Policy differences, then, cannot explain the autumn rift between Tea Party Republicans and their more establishment colleagues. Sen. Ted Cruz (R-Texas), the barely relenting champion of defunding the health care law, and Rep. Peter King (R-N.Y.), a vocal intraparty adversary, occupy mostly the same universe, and acknowledge hearing complaints about the program that sound interchangeable.
“We’re not sure of what the [exact] consequences are going to be, but we are very certain they are going to be very bad consequences,” one of the two said of Obamacare. “So many full-time employees will be knocked back to part-time. We have so many businesses and companies who have come to us and told us the tremendous economic impact it’s going to have.”
“The complexity is so much that it is causing more and more small businesses to stay small — avoid Obamacare altogether,” said the other. “They can’t decipher the rules and regulations, so they don’t. If they have under 50 employees, they can get out from under it. I cannot tell you how many small businesses are not hiring right now.”
Who said what? It does not matter. Cruz and King have communicated the same concerns, detested the same law, and prior to the recent impasse, fought it with every reasonable tool available to a minority party in Washington — and in Cruz’s more difficult case, a minority party in the Senate.
The differences between these two men, which are indicative of the differences between the rival factions of the GOP, are in tactics. Cruz and his ilk were willing to hit full-stop on the government and muddy additional negotiations over raising the debt limit to pursue a plan that stood zero chance of achieving its nominal aim: the total stripping of money for Obamacare. King protested this route.
Cruz and groups like Heritage Action identified their Republican foes as feeble in the cause to take down the law. They did so through either rhetoric or warning GOP members against voting for plans that lacked sufficient anti-Obamacare language. Their efforts, timed to be last-ditch as the law took fuller effect Oct. 1, discounted dozens of previous votes against the program as true measures of ‘conservative’ bona fides. They also skewed reality — as if dismantling the President’s health care law in this fashion was even realistic, given that the same President was still President, and Sen.

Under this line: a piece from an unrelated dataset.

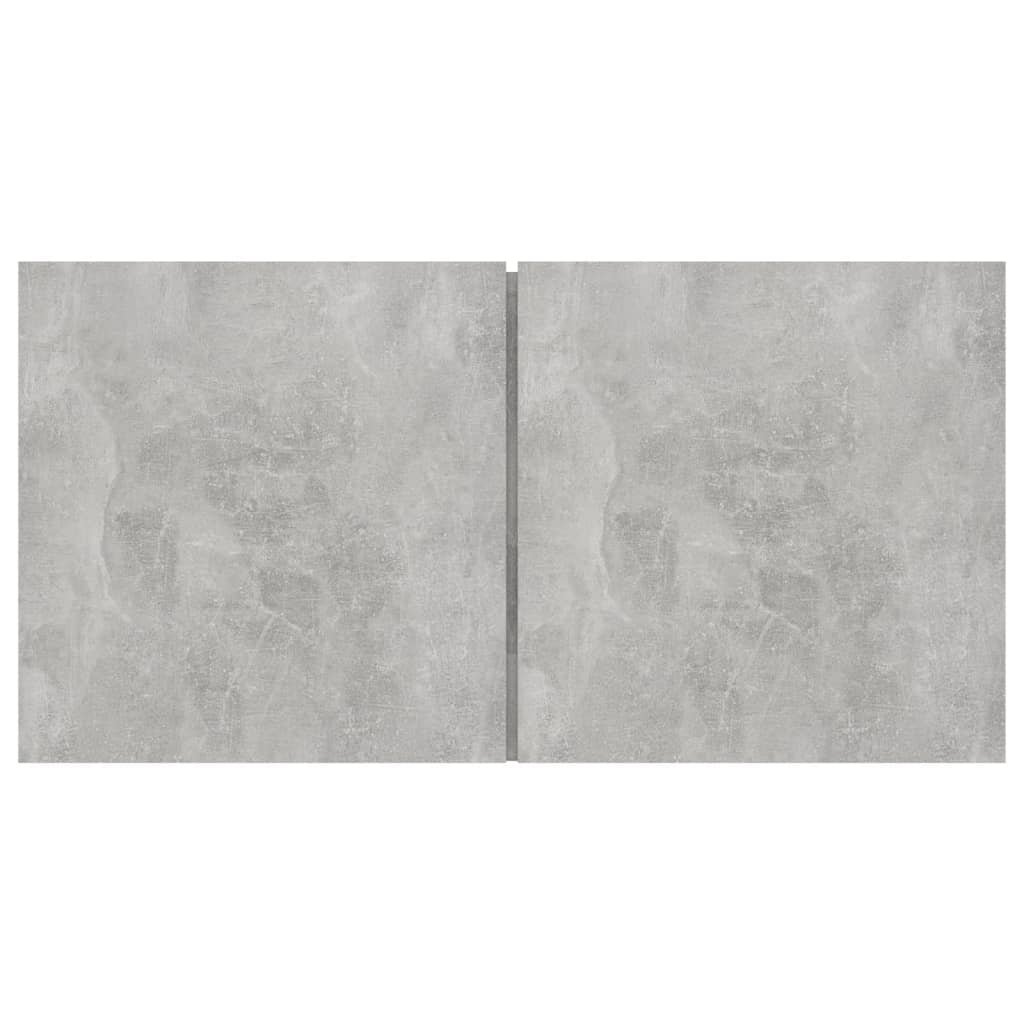 Mobili Porta TV Pensili 2pz Grigio Cemento 60x30x30 cm - homemem39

Harry Reid (D-Nev.) still controlled the Senate.
The pressure cracked members like King, who in turn lobbed rhetorical volleys at Cruz.
“We have too many people in our party, it’s a minority, who are following Ted Cruz, and they are tying up the entire Republican Party,” he said. “I’m tired of having Ted Cruz call the shots for the House Republicans.”
All of this over a single strategy. This, not the two men’s mutual and demonstrable opposition to the Affordable Care Act, became the purity test by which their and their allies’ conservatism was judged.
Tactics, not policies.
There is a place for tactics, but only if they are shrewd when occupying weak turf, and only if they are achievable when possessing the upper hand. There was nothing sharp about using must-pass spending legislation as the bluntest of instruments to attack Obamacare, and holding a narrow majority in the lower house was not a trump card against a more powerful and represented Democratic Party.
“We must not confuse tactics with principles,” House Majority Leader Eric Cantor (R-Va.) said to his Republican colleagues Wednesday. “The differences between us are dwarfed by the differences we have with the Democratic Party, and we can do more for the American people united.”
They also can do more to set themselves up for greater electoral success that way — the only way to turn weak turf into strong ground, implement the policies on which they largely agree, and undo the ones they unanimously oppose.